PrimeWest Exploration Inc.

September 09, 2010 12:13 ET

PrimeWest Exploration Inc. Announces Letter of Intent for the Acquisition of Assets From International Sovereign Energy Corp.

CALGARY, ALBERTA--(Marketwire - Sept. 9, 2010) -


PrimeWest Exploration Inc. (the "Corporation") (TSX VENTURE:PWI) and its Chief Executive Officer, Greg Noval, are pleased to announce that the Corporation has entered into a letter of intent dated August 31, 2010 (the "Letter of Intent") with International Sovereign Energy Corp ("ISEC"), whereby the Corporation has agreed to acquire ISEC's 2.7934% working interest in the Wildmere Lloydminster "A" Pool Unit No.1 (the "Proposed Acquisition").

The Corporation is incorporated under the provisions of the Business Corporations Act (Alberta) and has a registered office in Calgary, Alberta. It is a "capital pool company" (the "CPC") under the policies of TSX Venture Exchange (the "Exchange").
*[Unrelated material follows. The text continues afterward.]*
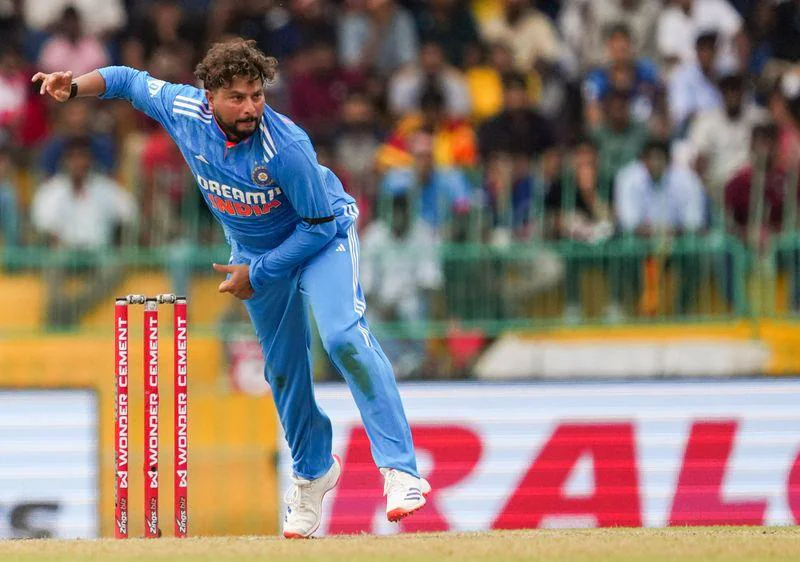 Kuldeep Yadav celebrating after taking a wicket for India during an international cricket match.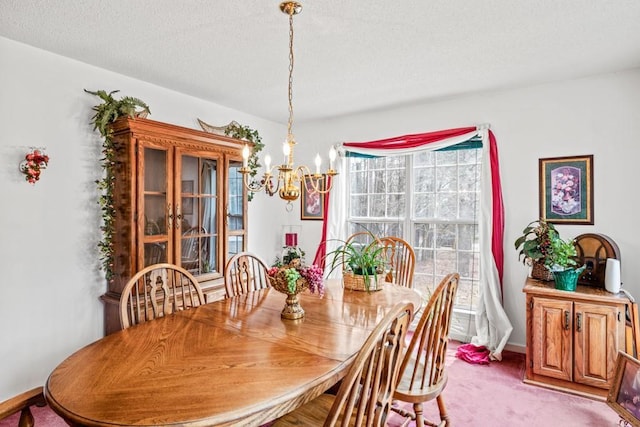 dining room featuring light colored carpet, a notable chandelier, a textured ceiling, and baseboards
As such, it intends for the Proposed Acquisition to constitute the "Qualifying Transaction" of the Corporation as such term is defined in the policies of the Exchange. The Corporation is a "reporting issuer" within the meaning of the Securities Act (Alberta).

ISEC is a Canadian public corporation incorporated under the provisions of the Business Corporations Act (Alberta) with its registered and head office in Calgary, Alberta. ISEC owns and operates an asset base of producing oil and gas properties in Western Canada. ISEC is publicly trading on the TSX under the symbol "ISR" and it is a reporting issuer in the jurisdictions of Alberta, British Columbia and Ontario within the meaning of the Securities Act (Alberta), Securities Act (British Columbia), and Securities Act (Ontario).

The Qualifying Transaction will be carried out by parties dealing at arm's length to one another and therefore will not be considered to be a Non-Arm's Length Qualifying Transaction, as such term is defined under the policies of the Exchange.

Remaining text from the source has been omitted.